I’m sure a lot of you also felt this way, especially the first couple years when you’re sitting in a lecture hall full of 200 students, listening to some professor go on and on about American history. It’s no fun, and while you may make a friend or two, there’s really no telling if you’ll keep in touch when there are no more notes to swap or tests to study for.

But then you start taking your major classes, and things aren’t so bad. You finally find people who are on the same frequency as you, the ones you can share the struggle with together. But even then, it seems like you are so stressed out about doing well in your classes that you don’t take the time to get to know the person sitting right next to you. You sit next to this person twice a week, for at least an hour, throughout the next fifteen weeks; that’s nearly 30 hours spent with this person.

Yet most of us don’t mutter more than a few sentences to each other the entire semester.
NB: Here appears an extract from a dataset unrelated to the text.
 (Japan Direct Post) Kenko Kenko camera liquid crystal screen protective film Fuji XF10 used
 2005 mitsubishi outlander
Isn’t that kind of tragic?

I’m not saying this happens in every single one of your classes, some are definitely more sociable than others, but we’ve all had that one class where no one talks to each other.

I get it, we have our days where we don’t feel like talking to anyone, but if we had made an effort to talk to these people in the first place, then there’s a good chance they’d sense that something was wrong and ask if you were OK. At the end of the day, we all want to know that we are cared for, and even if it’s just the guy in your management class asking how your week is going, it makes the biggest difference (and you might not even know it).
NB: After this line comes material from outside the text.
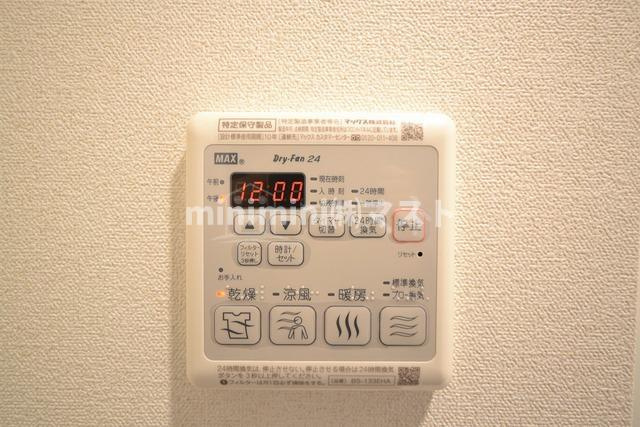 レシオス難波の設備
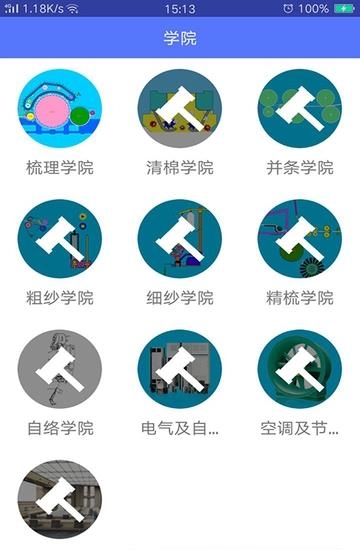 纺织大学堂  v4.5.1图2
I have definitely met some pretty cool people in my classes, and for those that I haven’t kept in touch with, I deeply regret it. I hope this article lands on your FB timeline and you realize the impact you have made on my life, even if you don’t think you’ve done anything at all.

This past semester I vowed to myself to actually get to know my classmates. You never know who is friends with who, and what they can do for you. I made sure to bring a positive attitude into the classroom and hoped that my efforts would start a chain reaction.

Let’s just say I certainly did not think that the people sitting next to me every Tuesday and Thursday at 5 PM would suddenly become “my people.”

This wasn’t a normal class, it was a life-changing process. Maybe it was because we were forced to get out of our comfort zones, or maybe it was because we didn’t know what the hell we were doing most of the time, but somewhere in the midst of it all, we became better versions of ourselves.

SEE ALSO: 23 Thoughts College Seniors Experience With Early Onset Senioritis

I know you’re probably wondering what class I am talking about. We are all fortunate enough to go to a university that offers entrepreneurship classes. While most of us were taking this as our last business elective, we didn’t expect it to impact our lives as much as it did.

I’m not saying we all magically became successful entrepreneurs after this class (we wish), but it did evoke that entrepreneurial spirit that was inside of us all along.

We learned about the importance of vulnerability, and we encouraged and supported each other to go after our dreams.

If we hadn’t taken this class, we would have never been blessed with the lovely music of James Hooper. James would have never met Andrew, who was actually a DJ, and they would have never gotten the chance to collaborate. Andrew wouldn’t have reconnected with Andres, and we wouldn’t have a place to stay if we ever made it to Guatemala.

I probably would’ve never seen Madelyn, my right-hand woman in accounting sophomore year, again and she would have never landed her dream job. We wouldn’t have dragged Jake along to a football game, even though neither of us understood football. We would’ve never known Sarah Beth was a national champion in horseback riding, and a badass in general, even though she kept quiet in class.

Chris and Regan, if you’re reading this, thank you for letting us be vulnerable in the classroom. Thank you for showing us the true meaning of getting comfortable being uncomfortable, it is something that we will never forget. You have made an impact on all of our lives, and we want you to know that because you taught us that we can say the smallest thing and have the greatest impact on someone’s life without even knowing it. We want you to know it.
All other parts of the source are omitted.